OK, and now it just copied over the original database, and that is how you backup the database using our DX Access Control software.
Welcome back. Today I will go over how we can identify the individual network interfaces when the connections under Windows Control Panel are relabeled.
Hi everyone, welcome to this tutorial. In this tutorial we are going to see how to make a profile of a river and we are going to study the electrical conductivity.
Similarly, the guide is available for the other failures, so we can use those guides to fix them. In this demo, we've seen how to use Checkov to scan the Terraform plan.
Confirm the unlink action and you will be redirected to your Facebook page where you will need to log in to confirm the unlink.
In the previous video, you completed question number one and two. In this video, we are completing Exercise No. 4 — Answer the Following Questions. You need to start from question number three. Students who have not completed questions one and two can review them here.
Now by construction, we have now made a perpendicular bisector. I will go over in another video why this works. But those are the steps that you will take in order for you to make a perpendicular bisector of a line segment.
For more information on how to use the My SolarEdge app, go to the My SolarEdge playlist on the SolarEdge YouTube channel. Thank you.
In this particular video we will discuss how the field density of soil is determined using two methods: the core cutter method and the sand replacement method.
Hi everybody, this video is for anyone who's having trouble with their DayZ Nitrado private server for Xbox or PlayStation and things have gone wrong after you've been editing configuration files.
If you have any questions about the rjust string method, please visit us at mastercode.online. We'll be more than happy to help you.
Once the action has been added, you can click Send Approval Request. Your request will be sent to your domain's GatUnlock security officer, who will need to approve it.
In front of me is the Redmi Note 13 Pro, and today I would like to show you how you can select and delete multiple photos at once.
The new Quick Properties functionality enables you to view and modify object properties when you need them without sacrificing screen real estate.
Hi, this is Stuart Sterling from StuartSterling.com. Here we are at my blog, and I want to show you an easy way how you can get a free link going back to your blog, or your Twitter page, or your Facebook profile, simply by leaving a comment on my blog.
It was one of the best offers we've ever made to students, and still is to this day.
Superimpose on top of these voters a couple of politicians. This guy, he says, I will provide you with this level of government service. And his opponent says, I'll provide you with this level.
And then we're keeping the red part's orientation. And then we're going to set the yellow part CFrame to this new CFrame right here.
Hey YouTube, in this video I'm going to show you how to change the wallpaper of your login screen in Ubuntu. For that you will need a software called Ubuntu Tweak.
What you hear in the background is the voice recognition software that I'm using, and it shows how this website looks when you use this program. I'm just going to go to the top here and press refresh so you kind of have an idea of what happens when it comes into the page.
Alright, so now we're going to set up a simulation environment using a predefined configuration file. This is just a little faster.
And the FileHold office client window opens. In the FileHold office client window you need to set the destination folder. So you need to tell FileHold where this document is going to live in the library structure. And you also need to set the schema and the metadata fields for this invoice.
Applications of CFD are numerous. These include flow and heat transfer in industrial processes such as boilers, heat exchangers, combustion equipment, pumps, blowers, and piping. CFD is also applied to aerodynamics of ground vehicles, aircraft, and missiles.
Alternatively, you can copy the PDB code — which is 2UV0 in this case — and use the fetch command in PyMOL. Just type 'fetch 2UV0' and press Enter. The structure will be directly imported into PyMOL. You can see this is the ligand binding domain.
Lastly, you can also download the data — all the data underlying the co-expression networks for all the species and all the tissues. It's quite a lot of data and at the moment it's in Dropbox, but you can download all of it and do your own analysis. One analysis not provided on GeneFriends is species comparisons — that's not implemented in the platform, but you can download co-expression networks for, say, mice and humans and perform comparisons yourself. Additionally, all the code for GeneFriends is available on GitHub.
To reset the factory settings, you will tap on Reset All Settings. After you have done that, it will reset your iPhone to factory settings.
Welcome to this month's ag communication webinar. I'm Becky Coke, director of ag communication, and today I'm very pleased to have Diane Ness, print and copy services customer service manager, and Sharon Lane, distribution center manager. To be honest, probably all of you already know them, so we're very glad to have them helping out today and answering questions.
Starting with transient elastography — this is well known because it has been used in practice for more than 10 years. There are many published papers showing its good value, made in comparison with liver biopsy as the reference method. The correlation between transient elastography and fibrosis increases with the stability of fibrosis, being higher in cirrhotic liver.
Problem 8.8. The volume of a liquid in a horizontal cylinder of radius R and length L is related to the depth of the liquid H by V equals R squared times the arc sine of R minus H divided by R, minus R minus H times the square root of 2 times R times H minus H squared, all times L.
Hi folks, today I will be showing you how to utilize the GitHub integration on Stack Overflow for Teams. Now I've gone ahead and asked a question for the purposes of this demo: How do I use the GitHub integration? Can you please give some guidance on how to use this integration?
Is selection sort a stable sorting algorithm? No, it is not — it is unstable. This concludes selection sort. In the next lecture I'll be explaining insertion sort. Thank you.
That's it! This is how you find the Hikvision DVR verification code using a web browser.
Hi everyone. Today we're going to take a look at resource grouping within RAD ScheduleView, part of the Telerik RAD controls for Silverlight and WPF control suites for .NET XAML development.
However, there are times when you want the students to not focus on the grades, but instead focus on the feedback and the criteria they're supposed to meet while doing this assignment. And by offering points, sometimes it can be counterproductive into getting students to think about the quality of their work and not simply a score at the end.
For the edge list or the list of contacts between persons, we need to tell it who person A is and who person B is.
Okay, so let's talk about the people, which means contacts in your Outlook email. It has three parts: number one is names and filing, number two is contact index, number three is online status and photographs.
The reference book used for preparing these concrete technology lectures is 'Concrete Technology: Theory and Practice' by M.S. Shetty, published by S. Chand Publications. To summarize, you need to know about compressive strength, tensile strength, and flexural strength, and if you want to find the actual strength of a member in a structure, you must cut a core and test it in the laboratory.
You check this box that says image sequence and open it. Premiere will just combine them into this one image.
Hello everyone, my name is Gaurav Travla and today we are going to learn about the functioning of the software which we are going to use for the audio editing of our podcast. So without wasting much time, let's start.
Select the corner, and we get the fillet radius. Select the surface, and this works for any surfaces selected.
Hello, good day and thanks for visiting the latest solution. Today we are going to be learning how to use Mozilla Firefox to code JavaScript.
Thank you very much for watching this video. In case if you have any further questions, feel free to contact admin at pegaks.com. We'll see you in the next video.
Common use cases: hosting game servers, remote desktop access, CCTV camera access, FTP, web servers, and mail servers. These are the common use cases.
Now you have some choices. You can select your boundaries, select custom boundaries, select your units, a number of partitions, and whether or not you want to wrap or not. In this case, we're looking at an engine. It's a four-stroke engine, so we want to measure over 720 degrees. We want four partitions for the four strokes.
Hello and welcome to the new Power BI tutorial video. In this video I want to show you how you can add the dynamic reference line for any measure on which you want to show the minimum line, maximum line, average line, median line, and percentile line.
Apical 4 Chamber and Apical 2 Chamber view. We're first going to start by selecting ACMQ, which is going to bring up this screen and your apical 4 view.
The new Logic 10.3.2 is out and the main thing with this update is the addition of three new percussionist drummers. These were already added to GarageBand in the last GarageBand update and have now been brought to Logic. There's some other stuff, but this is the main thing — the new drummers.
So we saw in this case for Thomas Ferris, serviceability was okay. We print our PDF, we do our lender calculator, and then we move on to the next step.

# Work task
Each line in the listing above from the one containing "Now by construction, we" through the one containing "For more information" should be repeated exactly, and no other line.

# Solution to the problem
Now by construction, we have now made a perpendicular bisector. I will go over in another video why this works. But those are the steps that you will take in order for you to make a perpendicular bisector of a line segment.
For more information on how to use the My SolarEdge app, go to the My SolarEdge playlist on the SolarEdge YouTube channel. Thank you.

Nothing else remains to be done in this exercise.